My Lords, I will start on a positive note. I welcome the agreement in principle that the UK and EU have reached on the
Northern Ireland protocol dealing with Northern Ireland border checks. Can my noble friend say what impact that will have on the regulations before us today?
I thank my noble friend for bringing the regulations before us and for his comprehensive explanation of them, but the noble Baroness, Lady Hayman of Ullock, has done a great service to the House by moving her amendment to the Motion, highlighting many of the issues raised and unresolved in the 34th report of the Secondary Legislation Scrutiny Committee. I urge my noble friend to answer those concerns when he sums up the debate.
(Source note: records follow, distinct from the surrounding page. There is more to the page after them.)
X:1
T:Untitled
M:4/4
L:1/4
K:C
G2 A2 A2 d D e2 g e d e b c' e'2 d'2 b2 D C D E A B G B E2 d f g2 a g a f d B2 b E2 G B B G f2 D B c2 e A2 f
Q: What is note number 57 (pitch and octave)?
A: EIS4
On 19 November, the Secondary Legislation Scrutiny Committee reported that it had not seen an impact assessment. My noble friend said that the department produced one in 2019. When might he publish that and might he revise the conclusion reached in paragraph 12.1 of the Explanatory Memorandum to the regulations:
“There will be positive impacts on business, charities or voluntary bodies”?
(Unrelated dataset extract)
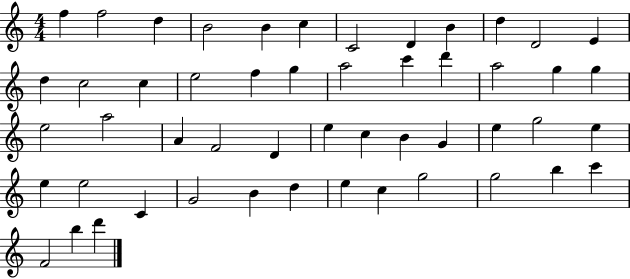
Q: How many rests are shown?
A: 0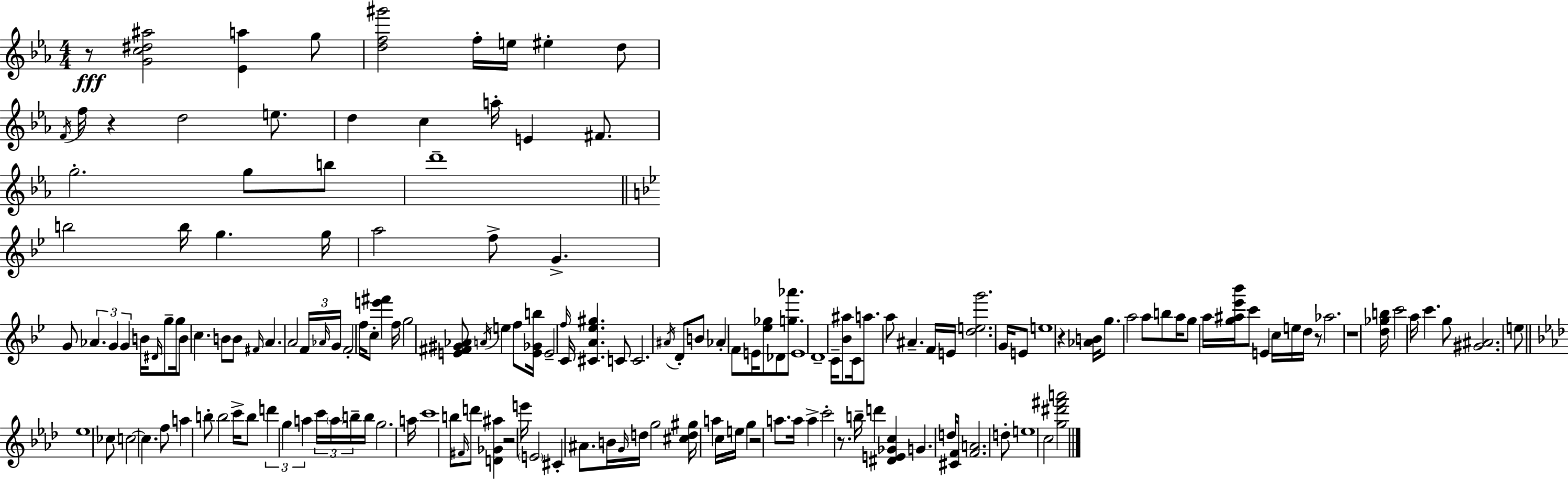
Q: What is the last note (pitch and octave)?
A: C5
I would like to see what those impacts are. The memorandum goes on to say:
“This instrument will mitigate potential disruption to chemical supply chains for GB companies.”
I do hope that that is indeed the case.
The amendment to the Motion states that the additional costs and administrative burdens for United Kingdom businesses are a matter of regret, as is creating
“unacceptable risks around the availability of chemical safety data.”
We know, as others have said, that the chemicals industry is the second biggest manufacturing industry after food and drink. More than 50% of the companies in the British Coatings Federation are UK-owned and 70% are SMEs. They have a highly integrated supply chain with the EU, so there is significant EU-UK trade, and it is obviously important for human and environmental health.
I am fairly agnostic about REACH, but will quote some of the evidence we heard under our excellent chair the noble Lord, Lord Teverson, in the EU Environment Sub-Committee, on which I am privileged to serve. The Royal Society of Chemistry said that there is a
“lack of capacity of fully scientifically trained staff at the necessary levels to be able to fully operate a UK REACH.”
Therefore, it has to be asked whether the Chemicals Regulation Division will have the capacity to deal with a high workload for UK REACH from 1 January.
The Chemicals Industries Association said that there is a requirement for “hiring of new staff” who are very “specialised”, namely
“toxicologists, ecotoxicologists, experts in risk assessments, economists, chemists and so on.”
The Chemical Business Association said that
“The HSE has virtually complete control over the operation of the UK’s new regulatory regime”,
yet the whole
“Industry has doubts about the competence and the capability of the HSE to discharge this role.”
CHEM Trust said that there is a
“massive risk that the UK system has much less information and expertise in it.”
I fear that the dual regime we will have, with many in the chemicals sector wanting to register for both UK REACH and ECHA, will damage the ability of the UK chemicals industry to compete, and threaten the viability of future product lines, as we were told in the EU Environment Sub-Committee. I hope my noble friend puts my mind at rest. I ask him to answer two questions. The money that we established for the cost of this exercise alone will be approximately £1 billion. Would that not be better spent on improving, maker safer and more environmentally friendly the chemicals that the industry is producing? He will be aware that many in the chemicals industry want to move their production outside GB to access the wider EU market. What will that cost and how does he hope to prevent such a move?